▶ [Task item]
Below are the records; print exactly the lines from the one with "Aunt ant through the leaves" through the last, both included, and leave the pictures out.

Short text fragments from websites
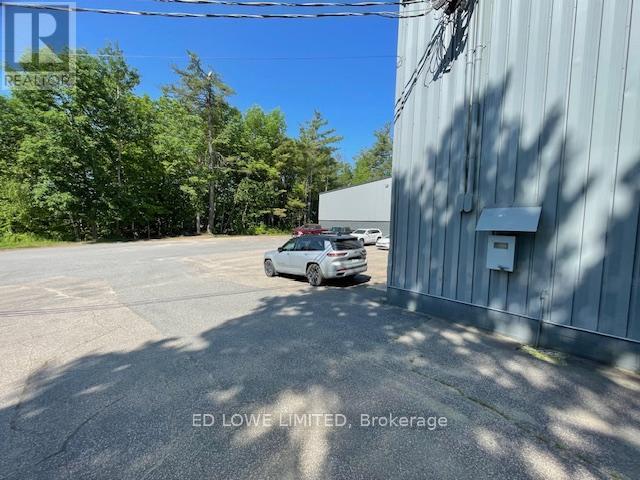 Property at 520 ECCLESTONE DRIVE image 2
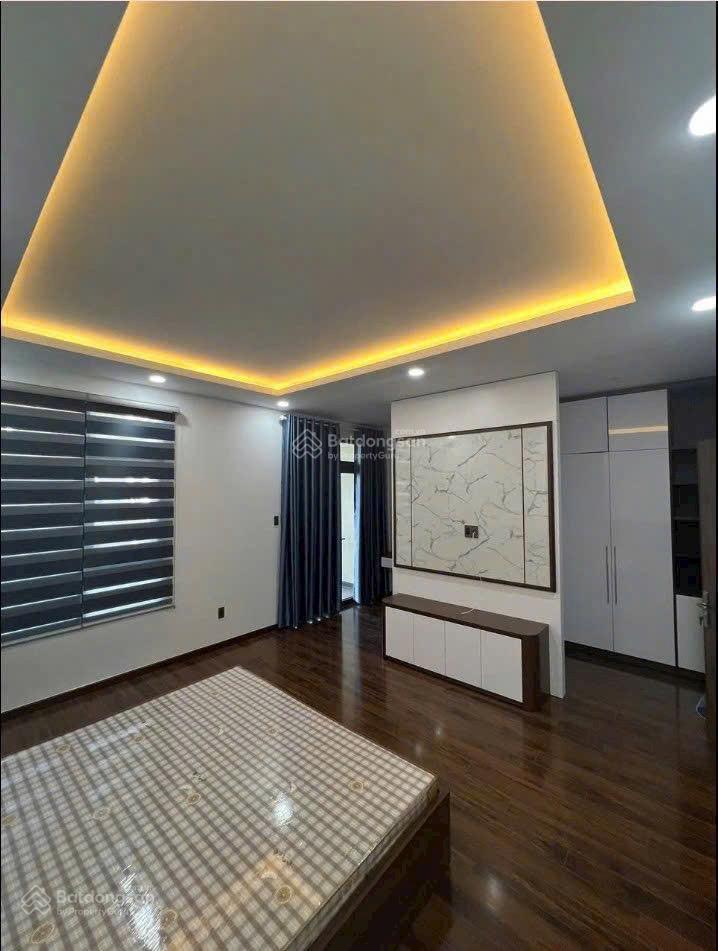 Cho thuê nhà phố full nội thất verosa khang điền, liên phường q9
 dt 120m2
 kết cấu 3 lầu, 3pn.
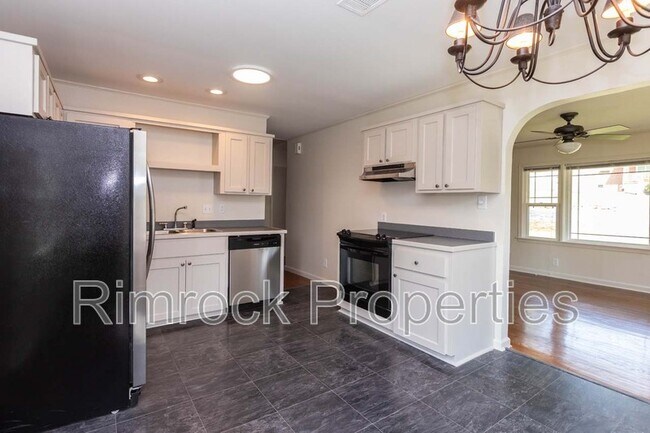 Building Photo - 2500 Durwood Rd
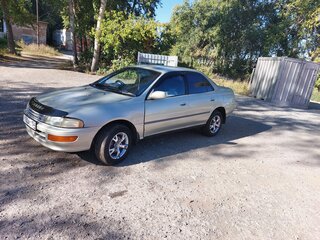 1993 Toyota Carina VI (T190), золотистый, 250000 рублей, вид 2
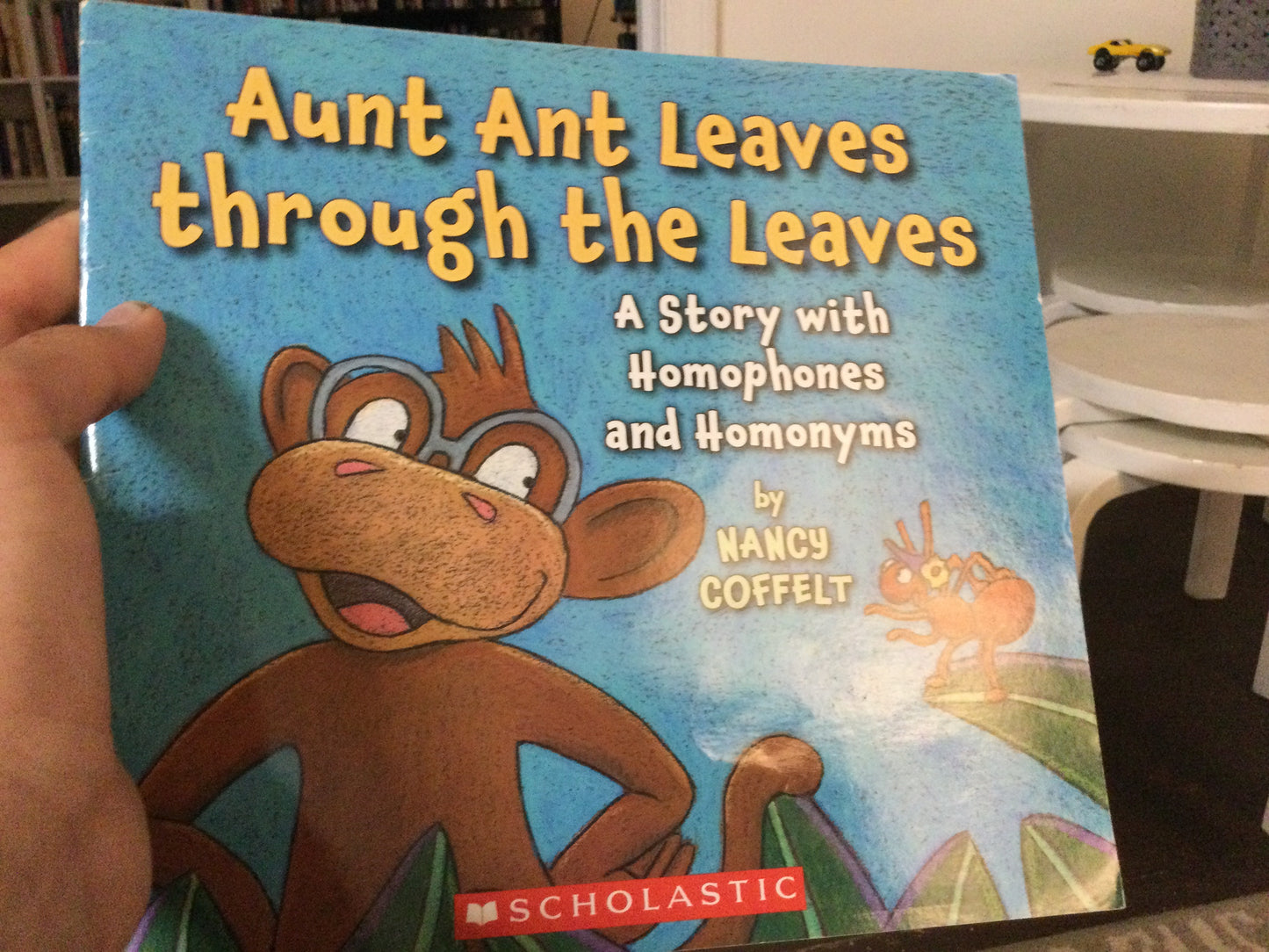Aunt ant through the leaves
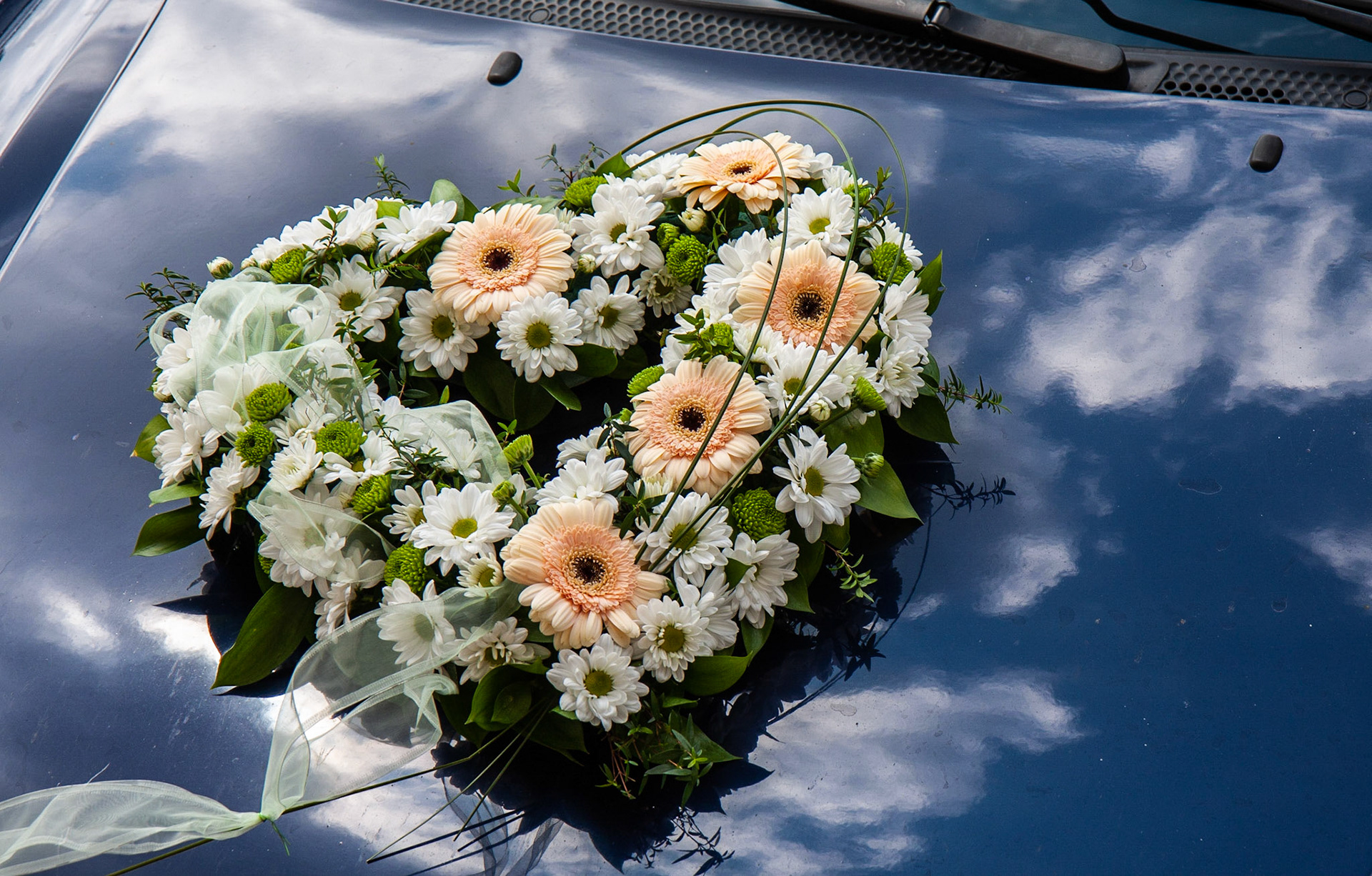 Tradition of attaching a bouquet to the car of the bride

▶ [Answer area]
Aunt ant through the leaves
 Tradition of attaching a bouquet to the car of the bride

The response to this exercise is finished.